What does oversight mean?
The concept of oversight is not well defined in private governance (loosely used here to mean non-state governance of a policy area). Oversight has a different meaning in a corporate governance and a nation-state context. In North America, the concept of “oversight” in government could mean either judicial oversight or legislative oversight. While legal scholars may consider judicial oversight to be a robust concept backed by a strong literature, political science scholars also can point to legislative oversight as a concept that has, in recent years, received scrutiny as a critical function of a nation-state (involving both oversight on the executive branch, but also on the judiciary).
Facebook’s choice of a label (Oversight Board) can thus be seen as a nice rhetorical trick. It allows each person to read into the proposal whatever form of oversight they like, based on their predisposition. The charter reads, broadly, as if the board will exercise oversight by adjudicating cases, which can lead to a set of precedents, and thus an interpretation of the content guidelines that moderators can refer to. Additionally, if there is a need, the board may be able to spell out actual policy proposals, either through the cases themselves or through actual policy recommendations which could be accepted or not by Facebook.
Thus, the fundamental assumption of the board, in its current form, is that the solution to Facebook’s content moderation issues comes through an external judiciary-like body that has the power and legitimacy to adjudicate on hard and significant cases, which, if things go well for a year, would be extended to other willing companies.
But some aspects of the proposal raise serious concerns. This post will identify three of the most important ones: first, the judiciary aspect; then, the legitimacy concern; and finally, the notion that this would be a useful board for other companies. My argument is that the Oversight Board will most likely fail because of its improper construction.
A judiciary with no constitution
The idea for this Oversight Board came from a constitutional lawyer, a Harvard professor, who believed that what Facebook, a multinational corporation, needs to perform proper content moderation is a “Supreme Court.” This is a clear case of “when you have a hammer, everything is a nail.” Prof. Feldman, a renowned expert in building constitutions, went for a nation-state-centric view of the world.
It is clear that he was expecting significant push-back from Facebook executives, because he makes it a point to say that the most important part of the charter is that Facebook will obey (within reason) the judicial decisions of the Board. But a better understanding of the general processes within the content moderation cycle can explain why it isn’t actually much of a concession.

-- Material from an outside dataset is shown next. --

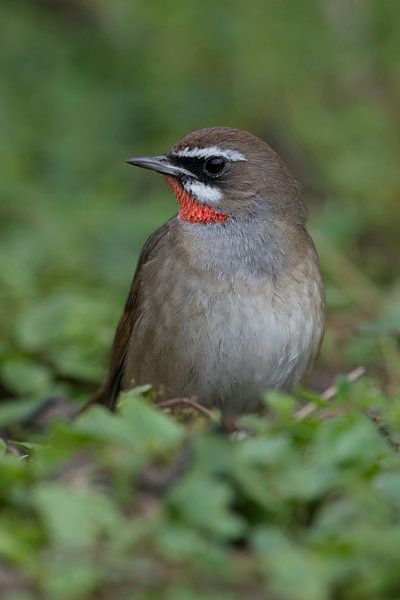 Rubinkehlchen ( Luscinia calliope ), Ausnahmeerscheinung in den Niederlanden, seltener Singvogel, Vo von wunderbare Erde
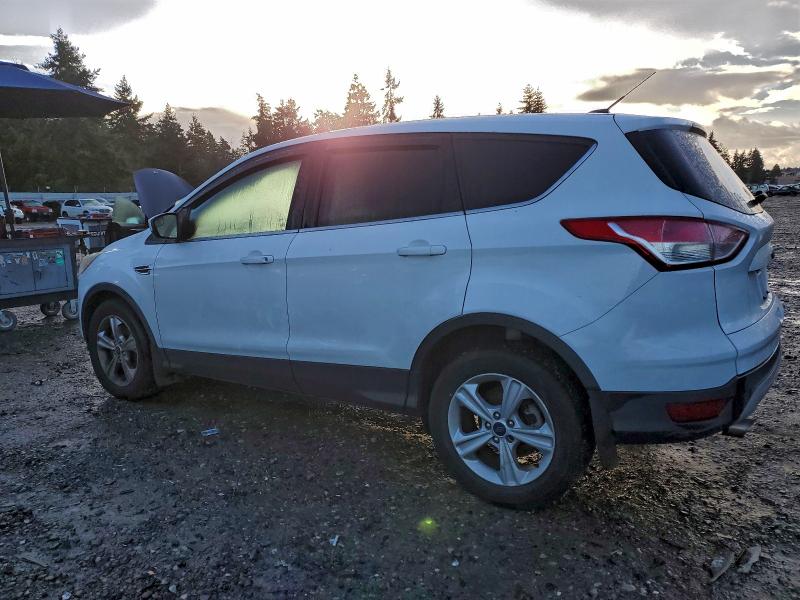 2014 FORD ESCAPE SE #3318906940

A content moderation cycle can be said to have, in its purest form, four distinct but interconnected processes: 1) the creation of the guidelines, 2) the monitoring of the content, 3) decision-making on the content and 4) a remedy mechanism or final say. A lot of the current conversation about content moderation focuses on the monitoring and decision-making parts, and it is very clear why. It’s a seemingly-intractable problem, and the solutions put forth so far, human- or machine-based, both have significant downsides. Human moderation results in underpaid, overworked and scarred-for-life workers. Machine solutions lack context and are irony-illiterate. However, monitoring and decision-making are the two areas where private companies are fully within their rights to act unilaterally. In fact, the platforms are really the only ones in a position to perform those functions. While the ideal solutions for these processes are less than clear, they still have to be initiated by the companies themselves. This leaves the first and last processes: guideline creation and an appeals mechanism.

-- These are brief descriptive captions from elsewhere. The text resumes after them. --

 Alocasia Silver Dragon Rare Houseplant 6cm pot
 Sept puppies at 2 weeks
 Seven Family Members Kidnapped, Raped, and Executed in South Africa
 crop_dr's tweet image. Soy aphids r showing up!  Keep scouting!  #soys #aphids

It is pretty difficult to find an online platform corporation that is genuinely interested in making the tough final choices about whether content stays up or not. These choices are riddled with political land mines. They have the potential to trigger one of the many loud grievance constituencies who are always willing to play victim, and can genuinely hurt groups who are singled out. Very few of the content questions have a “universal” or “objective” right answer. It is, in short, a giant unproductive hassle for these companies. A consummate capitalist, Mark Zuckerberg is willing to make sacrifices to make more money for the company. And for good measure, he’d be even more willing to sacrifice parts of the process that only cause him and the company grief, like decisions on removing content, especially if he knew that could potentially get some legislative heat off of his company. Thus, the willingness of Facebook executives to offload hard choices to the oversight board should be easy to understand.

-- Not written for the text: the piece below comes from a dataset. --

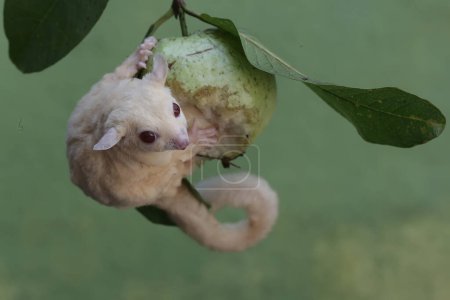 An albino sugar glider is eating a guava fruit. This marsupial mammal has the scientific name Petaurus breviceps.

Even more, setting it up as a “judiciary” when there isn’t a distinct “legislative” branch but simply one monolithic “corporate” (executive) branch misses the target. The creation of a “judiciary” allows executives to shift the discussion into the final outcomes of content moderation, and completely ignore the process of content guideline creation; that is, the “legislative” aspect. Suspending disbelief for a moment, and assuming that the underlying nation-state model is applicable to Facebook, what is more important, having a “Supreme Court” and its decisions, or writing the “constitution,” the fundamental rules that is supposed to guide the Court’s decisions?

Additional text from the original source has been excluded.